Guds nåd flödar över människorna, men de flesta av dem visar ingen tacksamhet.

Farsça: 

و یقیناً پروردگارت بر مردم دارای فضلی بزرگ است، ولی بیشترشان سپاس نمی گزارند،

Kürtçe: 

وەبەڕاستی پەروەردگارت خاوەن فەزڵ و چاکەیە بەسەرخەڵکەوە بەڵام زۆر بەیان سوپاسی(پەروەردگار) ناکەن

Özbekçe: 

Албатта, Роббинг одамларга нисбатан фазлу марҳамат соҳибидир.
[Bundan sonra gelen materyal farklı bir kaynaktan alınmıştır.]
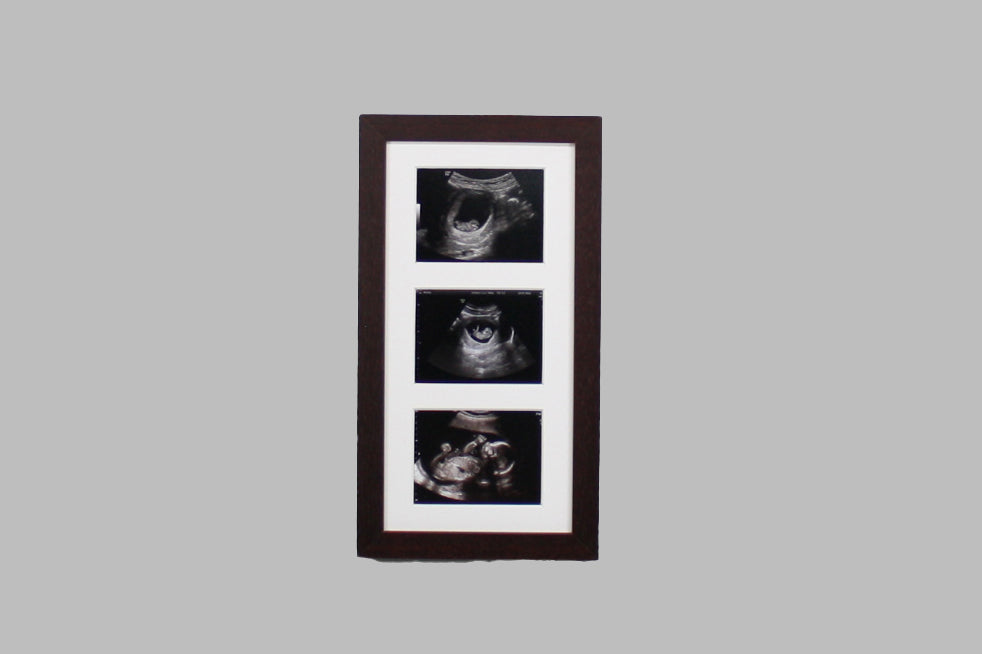 Baby Scan Photo Frame - Multi aperture Frame for Three Scan sized Photos.  Handmade. Baby Shower Gift | Pregnancy Announcement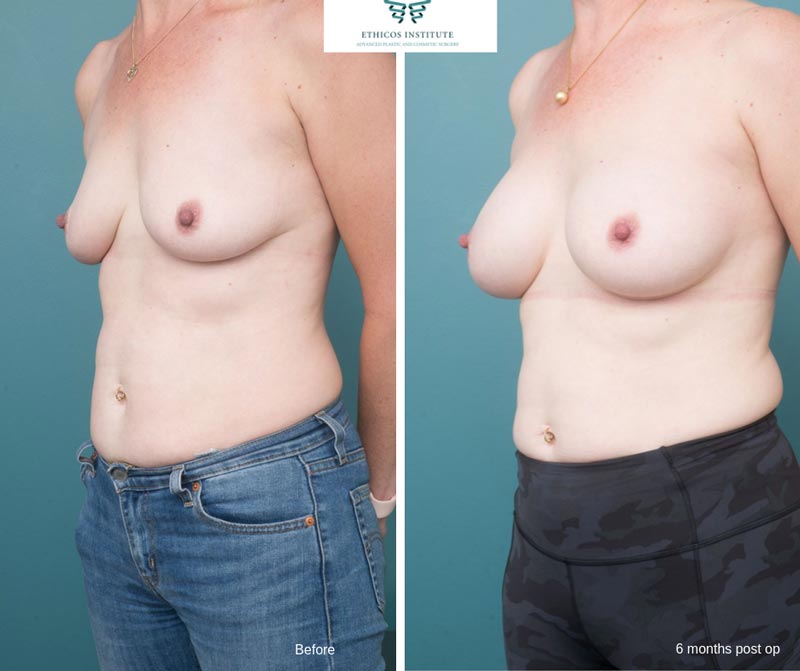 Breast Augmentation - Ethicos Institute
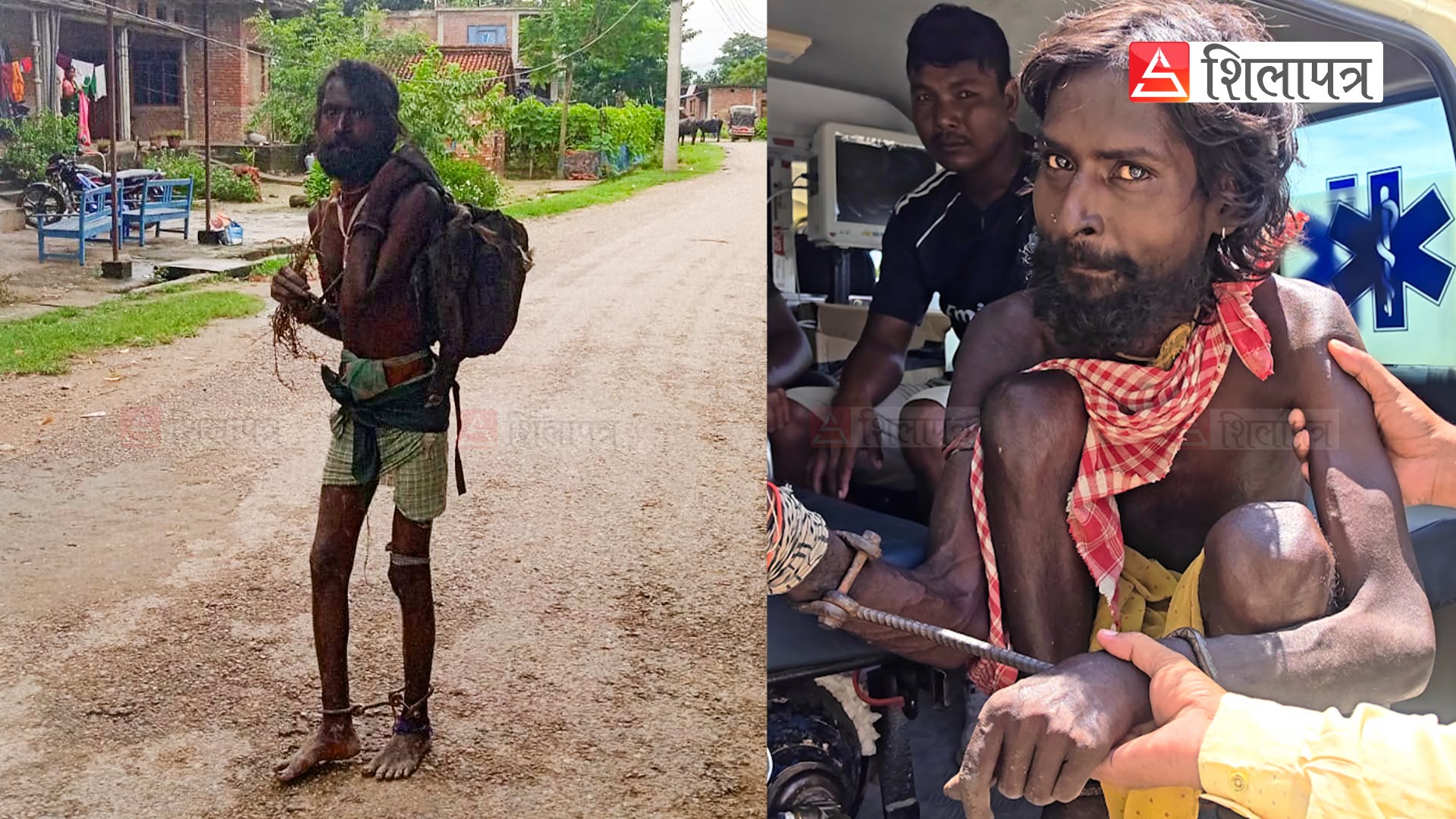 १० वर्षसम्म घरमै फलामे साङ्लोमा बाँधिएका ओमप्रकाशको कहालीलाग्दो कथा [भिडियाेसहित]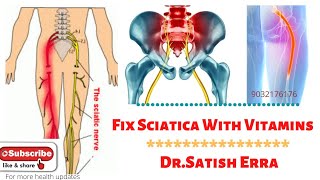 ఈ విటమిన్స్ వాడితే, Food తింటే Sciatica Nerve pain తగ్గుతుంది,వాడి చూడండి ✓Dr.Satish Erra's Homeo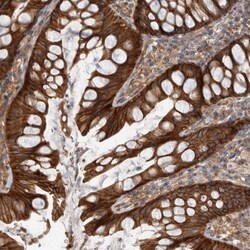 Invitrogen DAAM1 Polyclonal Antibody 100 &mu;L; Unconjugated:Antibodies,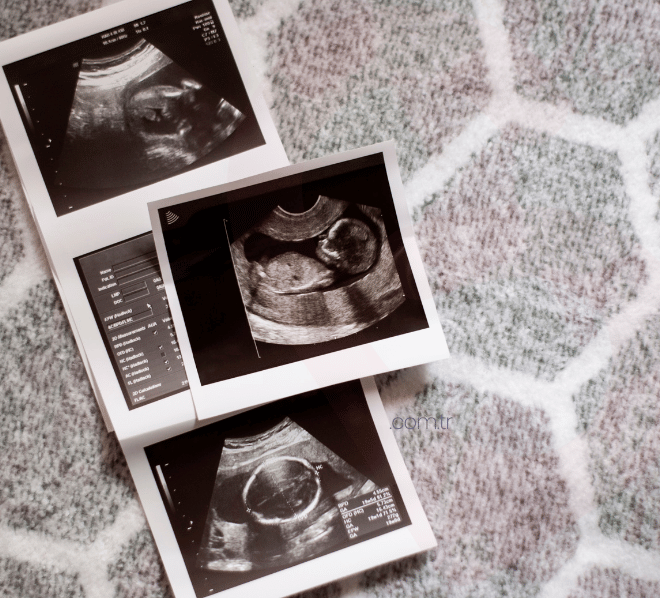 1. Trimesterda Mide Bulantısı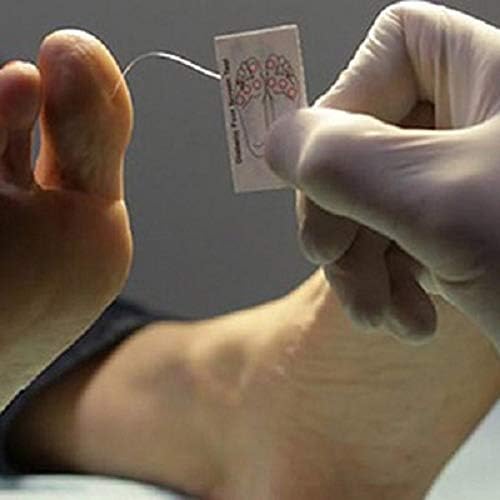 Disposable 10g monofilament filaments for professional sensory nerve function screening.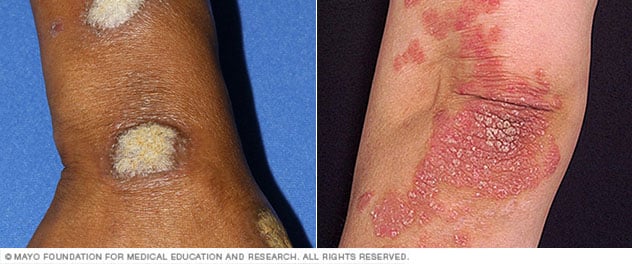 How Does Smoking Affect Psoriasis?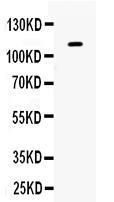 Anti-Eph receptor B1 Antibody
Лекин уларнинг кўплари шукр қилмаслар.

Malayca: 

Dan sesungguhnya Tuhanmu (wahai Muhammad) sentiasa melimpah-ruah kurniaNya kepada umat manusia seluruhnya tetapi kebanyakan mereka tidak bersyukur.

Arnavutça: 

Dhe, me të vërtetë, Zoti yt është bamirës i madh i njerëzve, por shumica e tyre nuk janë falenderues.

Bulgarca: 

Твоят Господ е владетел на благодат за хората, ала повечето от тях са непризнателни.

Sırpça: 

А твој Господар је неизмерно добар према људима, али већина њих није захвална.

Çekçe: 

Pán tvůj zajisté je vůči lidem pln dobrodiní, však většina z nich vděčná není.

Urduca: 

حقیقت یہ ہے کہ تیرا رب تو لوگوں پر بڑا فضل فرمانے والا ہے مگر اکثر لوگ شکر نہیں کرتے

Tacikçe: 

Ва Парвардигори ту фазли худро бар мардум ато мекунад, вале бештаринашон шукр намегӯянд!

Tatarca: 

Әлбәттә, синең Раббың кешеләргә рәхмәт һәм юмарт ияседер, ләкин кешеләрнең күбрәге шөкер итмиләр.

Endonezyaca: 

Dan sesungguhnya Tuhanmu benar-benar mempunyai kurnia yang besar (yang diberikan-Nya) kepada manusia, tetapi kebanyakan mereka tidak mensyukuri(nya).

Amharca: 

ጌታህም በሰዎች ላይ በእርግጥ የችሮታ ባለቤት ነው፡፡ ግን አብዛኛዎቻቸው አያመሰግኑም፡፡

Tamilce: 

நிச்சயமாக உமது இறைவன் மக்கள் மீது அருளுடையவன் ஆவான். எனினும், அவர்களில் அதிகமானவர்கள் (அல்லாஹ்வின் அருளுக்கு) நன்றி செலுத்த மாட்டார்கள்.

Korece: 

실로 그대의 주님은 인간을 위한 은혜로 충만하시나 그들 다 수는 감사할 줄 모르더라

Vietnamca: 

Quả thật, Thượng Đế của Ngươi đã đặc ân đối với loài người, nhưng đa số bọn họ thường không biết ơn.